光回線は所有しておらず、楽天ひかりはNTT回線光コラボの1つです。
独自の光回線を持つ会社は、各地の電力系(eoひかり、コミュファ光、メガ・エッグ、ピカラ光、BBIQ光)やnuroなどがあります。
これら独自の光回線は地域限定ですが、かなり速く、また安い場合が多いです。まず検討してみましょう。
プロバイダーはそれぞれ独自のサービスや特徴を持っており、顧客のニーズに合わせたサービス提供を行っています。
また、2020年代には5G通信の普及が進むことが予想されており、プロバイダー各社も5Gサービスの提供に向けて取り組んでいます。
高額な解約金の禁止
2022年からは高額な解約金が禁止されました。
これは携帯電話会社の解約金、MNPに対するしばり、SIMロックの禁止などに呼応するように、
「光回線は2年契約で解約月以外に解約すると高額な解約金がかかるのはおかしい!」
という声が大きくなったからです。
電気通信事業法の改正で、違約金は月額利用料に相当する金額までとなりました。
違約金が発生した場合、月額利用料を超える違約金は請求されません。
改正前の違約金 | 9,000円〜30,000円 |
改正後の違約金 | 3,000円〜8,000円 |
現在は、
- そもそもいっさいしばりが無いプロバイダー・プラン
- 2年しばりがあるプランでも「解約金は、解約月と次月の2ヶ月分」
となっています。
ただし、プロバイダーは慈善事業ではありませんので、「工事費」についてはかかります。
NTTフレッツ光から電力系に切り替えるときには工事は当然必要です。
(ここに目をつけたのが「光コラボ」サービスで、光コラボ内の会社変更であれば工事費はかかりません。
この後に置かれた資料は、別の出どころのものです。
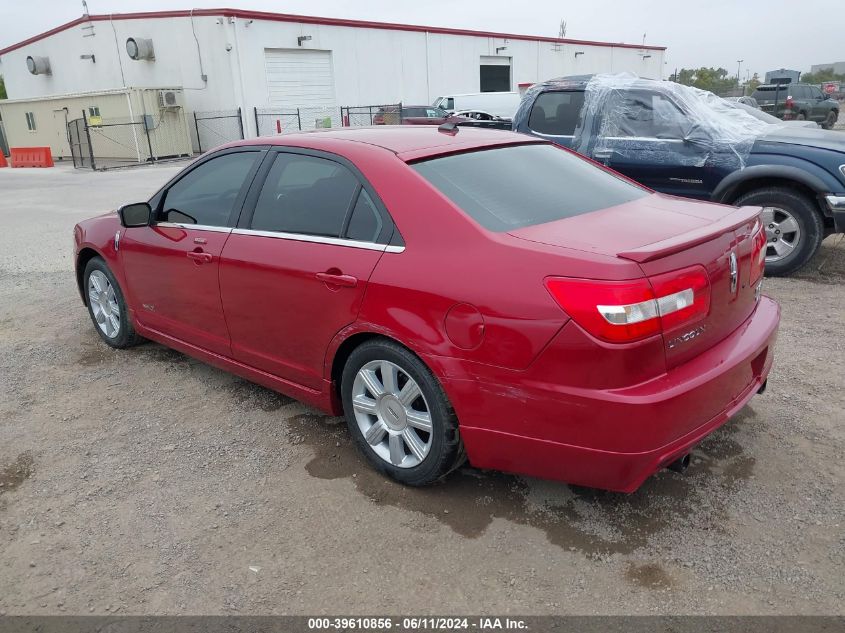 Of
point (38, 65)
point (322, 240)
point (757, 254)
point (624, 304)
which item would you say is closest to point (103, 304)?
point (322, 240)

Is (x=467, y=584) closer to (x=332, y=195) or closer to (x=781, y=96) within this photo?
(x=332, y=195)

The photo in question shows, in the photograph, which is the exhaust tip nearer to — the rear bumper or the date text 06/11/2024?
the rear bumper

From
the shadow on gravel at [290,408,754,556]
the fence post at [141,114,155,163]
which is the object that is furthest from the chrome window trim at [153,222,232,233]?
the fence post at [141,114,155,163]

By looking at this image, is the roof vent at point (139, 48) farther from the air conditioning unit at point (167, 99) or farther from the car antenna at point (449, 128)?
the car antenna at point (449, 128)

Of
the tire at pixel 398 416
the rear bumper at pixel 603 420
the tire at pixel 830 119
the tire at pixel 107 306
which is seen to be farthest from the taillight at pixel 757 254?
the tire at pixel 830 119

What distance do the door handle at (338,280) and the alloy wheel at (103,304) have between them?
2454 millimetres

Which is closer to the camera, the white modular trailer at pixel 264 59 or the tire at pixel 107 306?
the tire at pixel 107 306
)
工事費については、現在においても
- 24ヶ月に分割して支払い
- 同額を24ヶ月に渡って割引して実質無料
- 途中解約した場合は工事費残額を請求
となっているプロバイダーが多いです。
このため、「違約金についてはあまり考えなくてもよく」なりましたが、「工事費残額についてはよく考えて」おきましょう。
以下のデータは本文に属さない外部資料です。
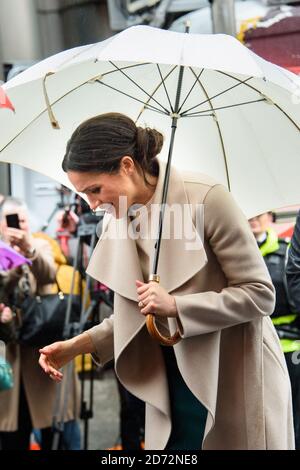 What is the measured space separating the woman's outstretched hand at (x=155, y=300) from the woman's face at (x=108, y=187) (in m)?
0.26

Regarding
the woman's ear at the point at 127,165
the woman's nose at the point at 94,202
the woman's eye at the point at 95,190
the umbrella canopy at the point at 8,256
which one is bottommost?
the umbrella canopy at the point at 8,256

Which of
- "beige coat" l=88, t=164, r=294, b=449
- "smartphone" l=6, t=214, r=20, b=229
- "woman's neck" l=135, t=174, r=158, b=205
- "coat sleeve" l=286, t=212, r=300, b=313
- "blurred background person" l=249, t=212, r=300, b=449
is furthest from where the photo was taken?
"smartphone" l=6, t=214, r=20, b=229

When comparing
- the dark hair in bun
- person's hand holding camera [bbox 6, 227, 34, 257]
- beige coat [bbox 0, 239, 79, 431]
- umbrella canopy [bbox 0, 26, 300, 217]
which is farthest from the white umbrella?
beige coat [bbox 0, 239, 79, 431]

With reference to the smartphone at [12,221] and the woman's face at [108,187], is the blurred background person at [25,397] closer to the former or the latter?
the smartphone at [12,221]

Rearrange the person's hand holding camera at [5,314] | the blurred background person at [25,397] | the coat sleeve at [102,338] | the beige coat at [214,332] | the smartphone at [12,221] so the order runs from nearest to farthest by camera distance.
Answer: the beige coat at [214,332] < the coat sleeve at [102,338] < the smartphone at [12,221] < the person's hand holding camera at [5,314] < the blurred background person at [25,397]

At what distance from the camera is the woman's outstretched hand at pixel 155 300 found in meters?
2.21

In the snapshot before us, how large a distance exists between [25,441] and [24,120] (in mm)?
2168

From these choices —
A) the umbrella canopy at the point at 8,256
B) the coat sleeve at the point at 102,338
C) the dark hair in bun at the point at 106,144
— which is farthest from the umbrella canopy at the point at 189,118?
the coat sleeve at the point at 102,338

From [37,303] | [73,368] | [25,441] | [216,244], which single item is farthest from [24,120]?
[25,441]

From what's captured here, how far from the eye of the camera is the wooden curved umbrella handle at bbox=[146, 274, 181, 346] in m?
2.24

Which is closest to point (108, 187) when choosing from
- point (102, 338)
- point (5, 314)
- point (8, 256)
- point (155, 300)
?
point (155, 300)

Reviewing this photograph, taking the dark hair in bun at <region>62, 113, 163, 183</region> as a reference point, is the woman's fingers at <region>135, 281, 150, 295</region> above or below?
below

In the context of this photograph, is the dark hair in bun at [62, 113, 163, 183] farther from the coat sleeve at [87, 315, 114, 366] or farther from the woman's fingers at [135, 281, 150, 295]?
the coat sleeve at [87, 315, 114, 366]

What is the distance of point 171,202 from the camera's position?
2.43 m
見比べて、契約・解約の時期については慎重に検討しましょう。
まとめ
プロバイダーの発展と競争
インターネットの普及に伴い、プロバイダーの数も増加し、競争が激化しています。
プロバイダーは、インターネットに接続するための回線を提供し、ユーザーにインターネットサービスを提供する役割を担っています。
プロバイダーの発展には、技術の進歩が大きく関わっています。
初期のプロバイダーは、ダイヤルアップ接続を提供していましたが、現在では、光ファイバーやの高速回線が主流となっています。
また、モバイル回線を提供するプロバイダーも増加しており、スマートフォンやタブレットなどのモバイルデバイスからもインターネットに接続することができます。
競争が激化する中、プロバイダーは、価格やサービスの質などで差別化を図り、顧客獲得に努めています。
また、新しい技術の導入やサービスの拡充など、常に進化を続けることが求められています。
一方で、プロバイダーの数が増加することで、市場が分散し、競争が過剰になることもあります。
そのため、業界の再編や合併などが行われることもあります。
今後も、インターネットの利用がますます普及する中、プロバイダーは、技術の進歩やサービスの拡充などを通じて、顧客獲得に努めることが求められています。
また、競争が激化する中、市場の変化に対応し、柔軟な対応が求められています。
現代のプロバイダー事情は、インターネットの普及に伴い急速に変化しています。
新しいプロバイダーの登場や、競争、サービスの多様化、役割の変化など、様々な要因が影響しています。
今後も、プロバイダー事情は変化し続けることが予想される。
プロバイダーに求められる役割は増している
プロバイダーの歴史から見ると、日本のインターネット事情は、急速に発展してきたと言えます。
現在では、スマートフォンやタブレットなどの普及により、インターネット利用者はますます増加しています。
今後も、IoTや5Gなどの新しい技術が登場することで、インターネットの発展が期待されます。
日本のプロバイダーの歴史を振り返ると、インターネットの普及に大きな役割を果たしてきたことがわかります。
プロバイダーの発展によって、インターネット利用者は急増し、競争が激化したことで、より高速で安価なインターネット接続サービスが提供されるようになりました。
今後も、新しい技術の登場によって、インターネットの発展が期待される。